I’m assuming the reader has some knowledge in graphic programming (with D3D or GL) and generally knows how modern CPU works.
The specs of RSX
RSX is the graphic processor of the PS3. The acronym stands for Reality Synthetiser according to Wikipedia. It’s actually based from Nvidia own Geforce 7800 Gtx, a directX9 class gpu slightly modified to allow Cell’s SPU to do image processing. It has 256 MB of local memory (PS3 terminology for « video memory ») with a 22.4 GB/s bandwidth according to Wikipedia again. It’s processing power is 228 Gflops/s and supports up to 4 render targets.
The aforementioned customisations of RSX allows it to access the main memory (shared by PPU and SPU) at 20 GB/s in read direction and 15 GB/s in write direction. This means that even if it’s slower to render a scene in main memory instead of local memory, the bandwidth hit is rouhly 30%.

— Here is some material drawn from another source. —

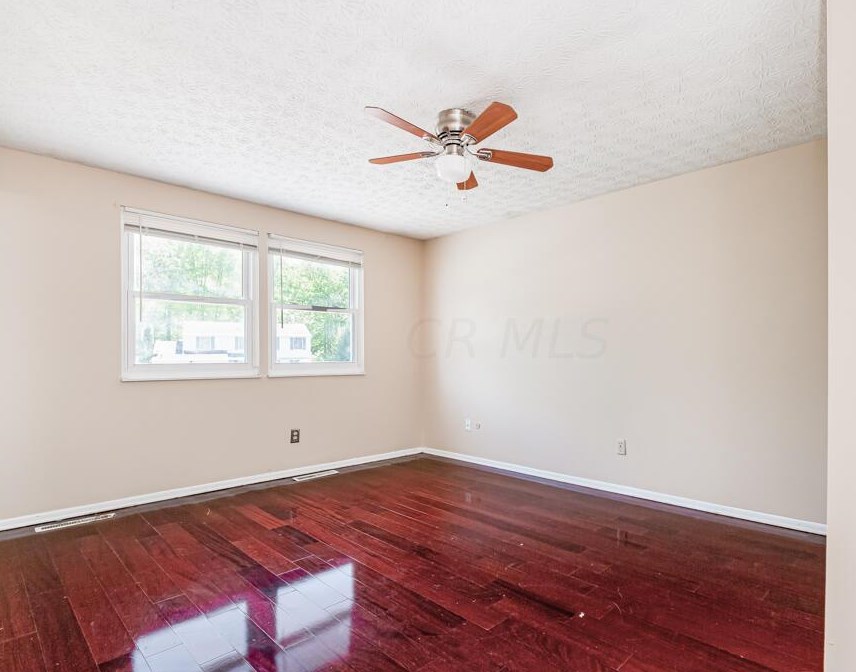 5599 Natalie Ct, Westerville OH  43081-4322 exterior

Now let’s compare these numbers with the ones from a 2015 PC architecture :
A Geforce 970 has 4 GB of video memory (x16) with a 200 GB/s bandwidth (x10), can process 5 Teraflop of data (x25) and support 8 render targets. However the theorical peak bandwidth of DD3 is 20 GB/s which is barely what the PS3 did offer in 2007.
The implication for emulation are strong : we can’t afford extra memory transfers between main memory and video memory.
RSX and Cell interaction
In all modern architecture CPU and GPU are executing independently from each others and PS3 is no exception.
RSX commands are 32 bits instructions puts in command buffers in a sequential maneer by Cell. There are 3 special command that are used to break the sequential flow of RSX, namely JUMP (mostly used to move from one command buffer to another) and CALL/RETURN pair (used to implement subroutines). Of course Cell needs to be able to prevent RSX to read commands faster than it can fill command buffer and thus RSX provides a « get » and a « put » register accessible from Cell. « Get » contains the memory address of the command the RSX is currently reading. « Put » can be written to by Cell, and is used as a « barrier », ie the RSX reads command only if Get and Put are different. Put register’s purpose is similar to glFlush in OpenGL.
RSX commands can be sorted in 3 categories :
- Commands that set RSX register. Like most ancient GPU the RSX doesn’t fetch non buffer inputs in memory but in hardware registers. This includes textures, buffers, render surface… description (their location, their format, their stride, …), vertex constants (RSX has 512 4×32 registers storage for vertex constants), some pipeline state related to blending operation or depth testing. I didn’t mention fragment constants (or pixel shader constant if you prefer D3D terminology) because it looks like there is no true storage for them, the cell has to « patch » fragment program/pixel shader in memory.
- Commands that issues actual rendering operations. So far I only saw 3 of them, a « clear surface » command that clear render targets (the clear value being stored in register), a « draw » command that issues an unindexed rendering call, an an « indexed draw » command that issues an indexed rendering call.
- Commands managing semaphores. Semaphore provide a more powerful sync mechanism than the get/put register. Semaphore are basically location in memory associated with a 32 bits values. A wait command can be used to make RSX hold execution until the semaphore values is the same as the expected one, for instance to allow Cell to complete buffer filling task. A release command can be used to make RSX writes a specific value to the semaphore location ; this way a Cell thread can be notified that RSX has finished with a given rendering command and is free to update buffers.